Protecting your income becomes particularly important if you have ongoing bills or debts such as a mortgage or if you have a spouse or children who are dependent on you financially.
Choosing income insurance can be tricky and there are a lot of considerations that need to be taken into account. Generally speaking, when choosing an income insurance policy, there are three decisions you will need to make;
- how long you would like the payments to last if you do become unable to work;
- how long you would be willing to wait before the payments kick in; and
- what proportion of your current income you would like the payments to represent
Variations on these three factors can make a significant difference to your premiums but also to your quality of life.
There are two different types of income insurance; indemnity and agreed value. Indemnity insurance is based on your income at the time that you become unable to work. This type of policy is typically provided by your superannuation fund with the premiums simply being deducted from your account.
If you are provided with indemnity income insurance, it is worth investigating the specifics of your policy to confirm that you have a level of cover that suits your needs.

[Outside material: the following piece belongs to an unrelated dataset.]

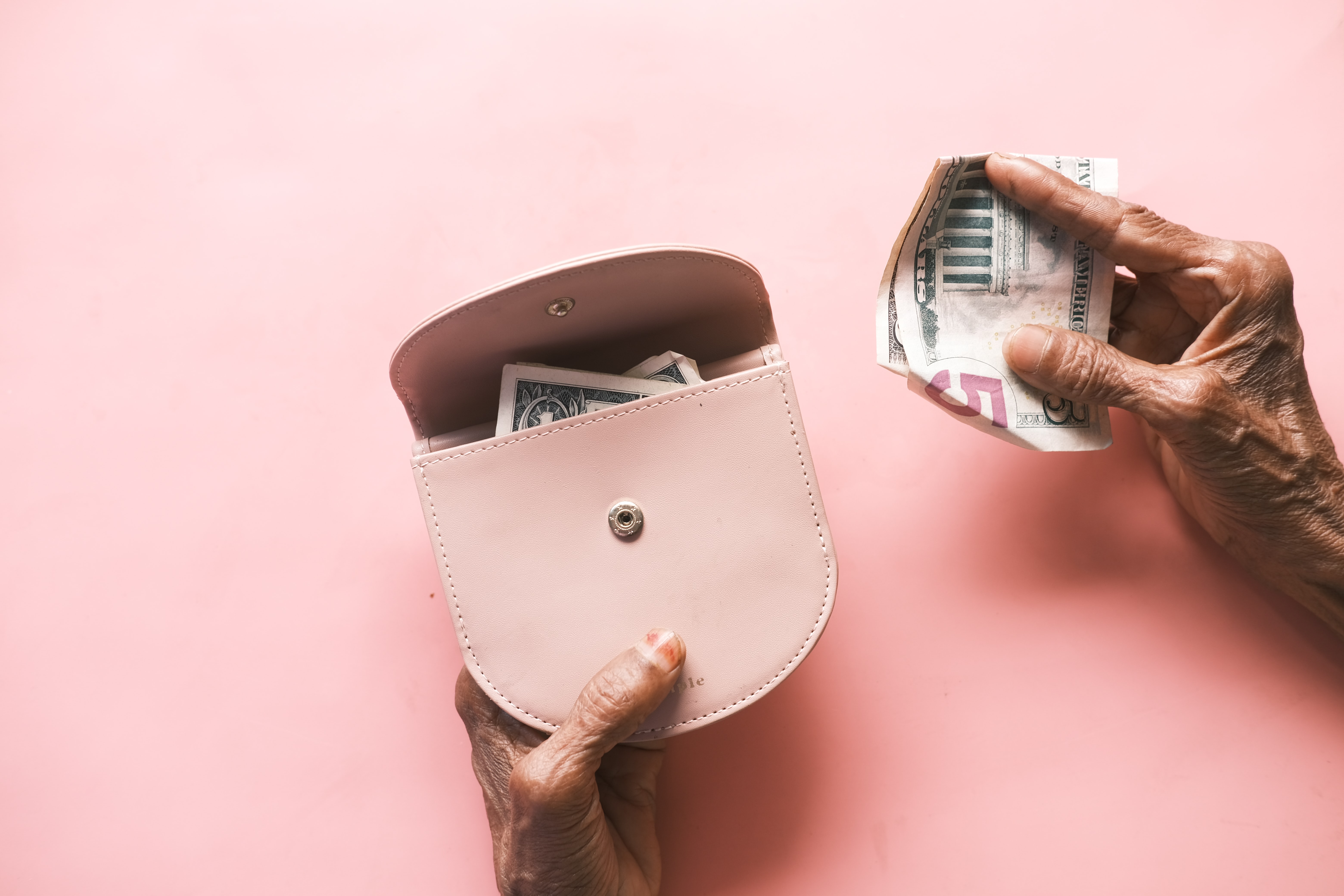 Woman's hand on pink background putting $5 into a pink purse for retirement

Agreed value policies will cover you for the income you were earning at the time that the policy was taken out, regardless of any fluctuations. Whilst these policies are generally more expensive that indemnity contracts, this can be a worthwhile investment for high income earners and business owners where variance in income levels is experienced.
There are two more things that you should look at when assessing your income insurance options. The first is guaranteed future insurability, meaning that you can increase your level of cover if you want to (this might be particularly important if your circumstances are likely to change).
The second is whether or not the policy is non-cancellable which will mean that the premiums cannot be redefined based on any health problems.